DATA section start

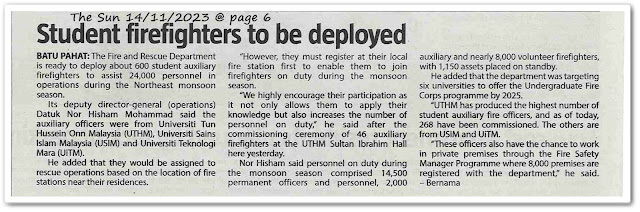 Student firefighters to be deployed - Keratan akhbar The Sun 14 November 2023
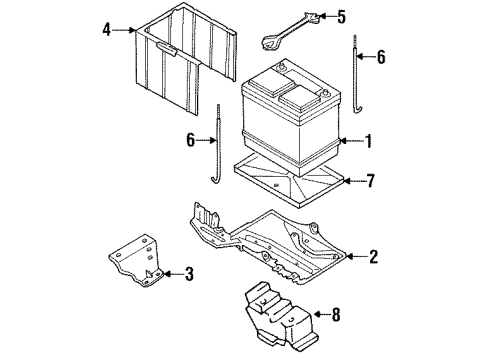 1994 Nissan Quest Battery Bracket Battery Diagram for 64860-0B730
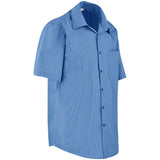 Mens Short Sleeve Micro Check Shirt - Light Blue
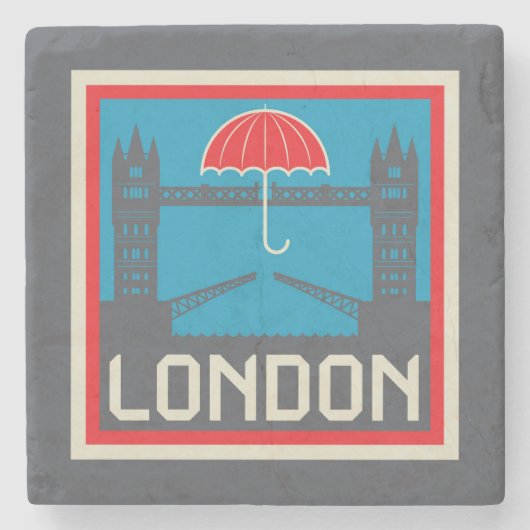 London Bridge mit Umbrella Steinuntersetzer (Vorderseite)
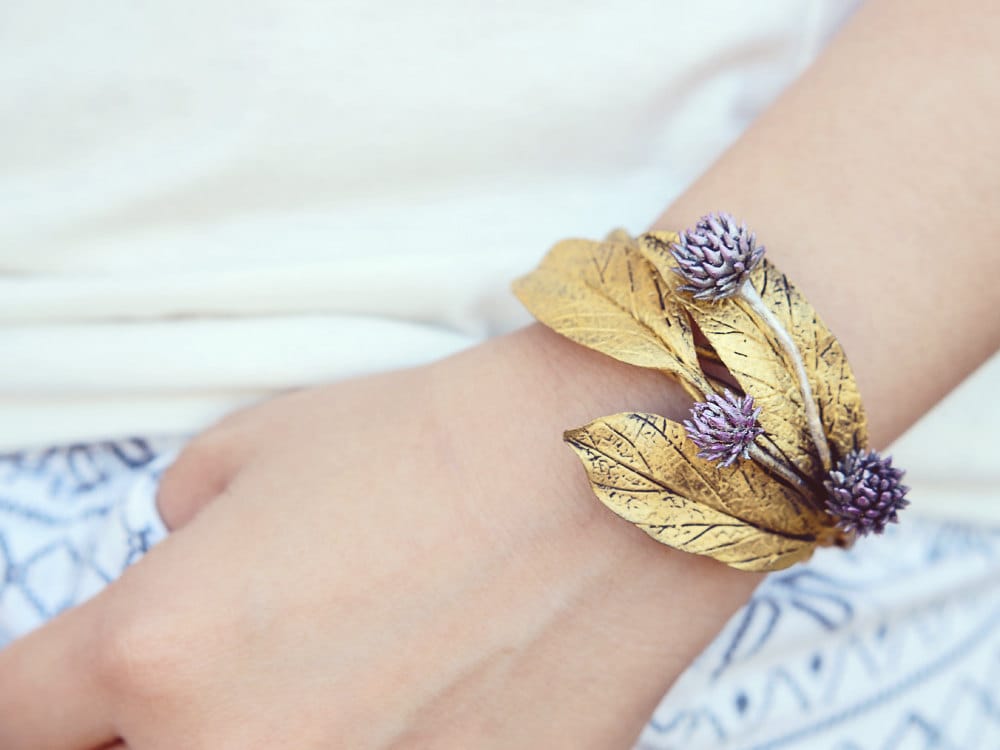 Blattgold Cuff, Blattgoldarmband , Handgemacht Von Ton Blattgold Cuff, Blattgoldarmband , Handgemacht Von Ton von Joyloveclay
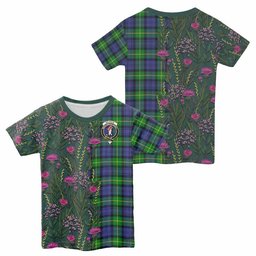 ScotsTee Shop Scottish Meldrum Family Crest Tartan T-shirt Scottish Thistle Flower Half Style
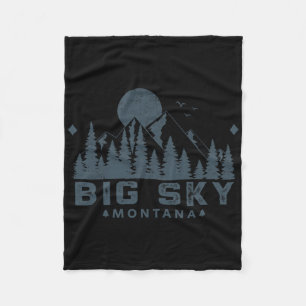 Cobertor De Velo Vintage Big Sky Montana Mt Esqui Montanha Férias a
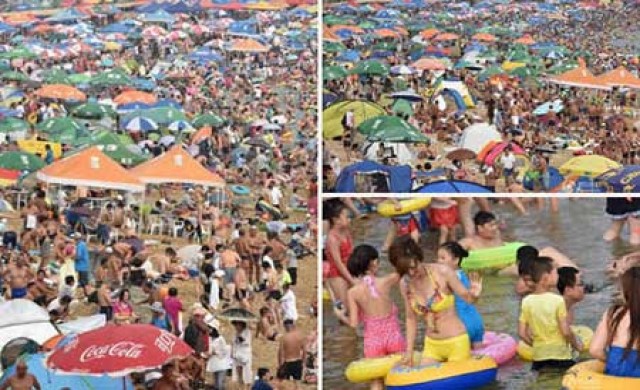 ชาวจีนนับแสนแห่เที่ยวชายหาดชิงเต่าคลายร้อน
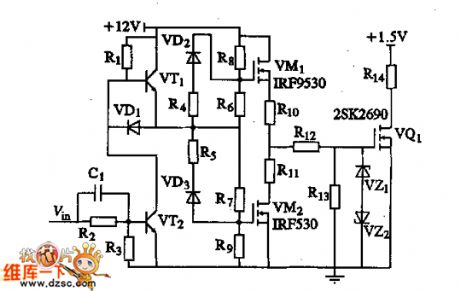 Power MOSFET high-speed driver circuit diagram
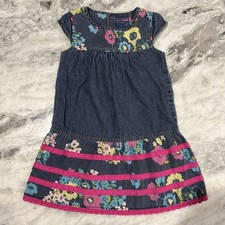 Girls Size 4T Oshkosh Denim Dress With Flowers And Pink Lace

DATA section end

Beginning with the line that contains "1994 Nissan Quest" and ending with the final line of the entries, every line must be copied exactly; the pictures must not.

◆ **RESULT OF THIS EXERCISE**
 1994 Nissan Quest Battery Bracket Battery Diagram for 64860-0B730
 Mens Short Sleeve Micro Check Shirt - Light Blue
 London Bridge mit Umbrella Steinuntersetzer (Vorderseite)
 Blattgold Cuff, Blattgoldarmband , Handgemacht Von Ton Blattgold Cuff, Blattgoldarmband , Handgemacht Von Ton von Joyloveclay
 ScotsTee Shop Scottish Meldrum Family Crest Tartan T-shirt Scottish Thistle Flower Half Style
 Cobertor De Velo Vintage Big Sky Montana Mt Esqui Montanha Férias a
 ชาวจีนนับแสนแห่เที่ยวชายหาดชิงเต่าคลายร้อน
 Power MOSFET high-speed driver circuit diagram
 Girls Size 4T Oshkosh Denim Dress With Flowers And Pink Lace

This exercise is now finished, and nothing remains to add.